Through the door, I saw what the garden of Eden must have looked like-a lush perfusion of green and brown and yellow and red. And the smell-was that fresh air?
“This was a seed repository, meant to keep the genetic information of plants available to man, in event of catastrophe. This is what our Mr. Wilkins has been hiding behind all those locked doors. An automatic recycling system has been operating for countless years. And look, where the ceiling has fallen-the plants are releasing fresh air out to the surface. But Wilkins keeps us underground, where he can control us.
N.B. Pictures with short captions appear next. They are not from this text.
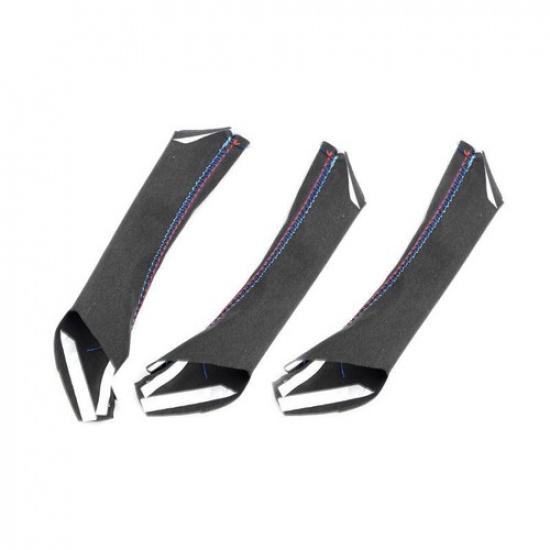 Hand Sewing Suede Leather Interior Door Handle Cover For BMW 3 Series E90 E91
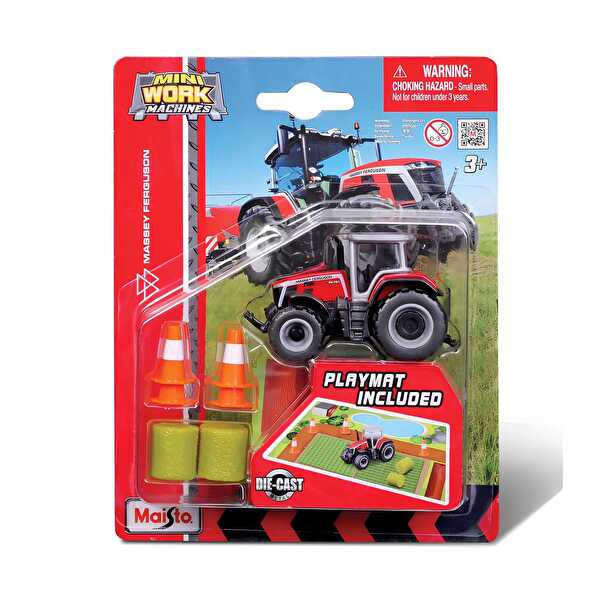 Mi̇ni̇ Work Machi̇nes Traktör Oyun Seti̇ Massey Ferguson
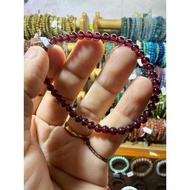 (K) Red Granet ring size 4,2-4,3mm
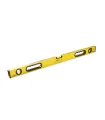Wasserwaage MASTERTOOL PROFI Bau 80 cm 3 Libellen 0,5 mm/m 0,03° Gummigriffe 36-0803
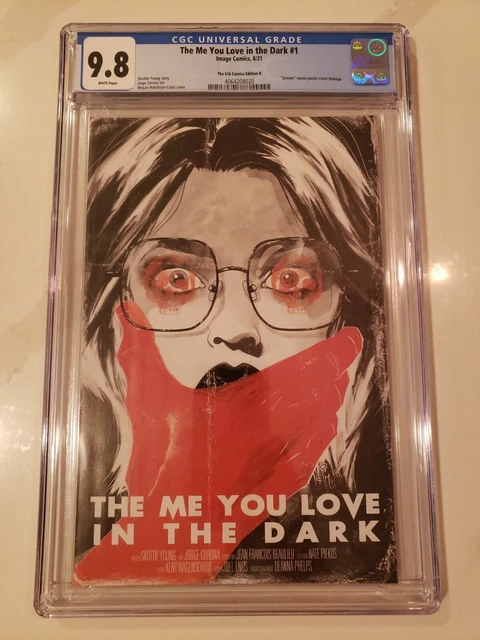 The Me You Love in the Dark 1 Hutchison-Cates Variant B CGC 9.8 Image Comics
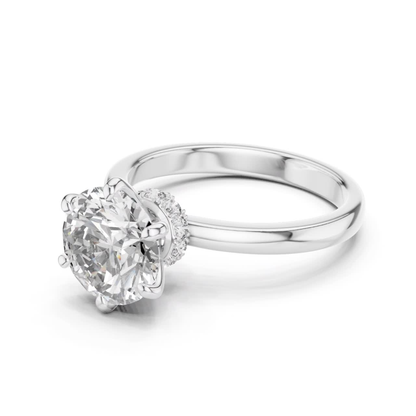 Round Cut Diamond Solitaire Ring | One Diamond, Infinite Love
I am not clear what his ultimate plans are, but it is up to you and me to stop him.”
“Two of us alone? We cannot hope to…”
“I will show you the remainder of the episodes. Well, all except the one season labeled with a 6-it sucks. You will see that there was an ancient ritual-it created the slayer, the one girl in all the world who could fight the vampires, the demons, and the forces of darkness. I believe you will have to become that girl, and I will be something else-your watcher. We will work together, and fight. And if we are unsuccessful, others will carry on in our place. But the slayer line has been lost, and it is up to us to restart it. Otherwise, the earth is doomed.”
What could I say? I felt that I had nothing left to lose, and perhaps a prophecy to fulfill.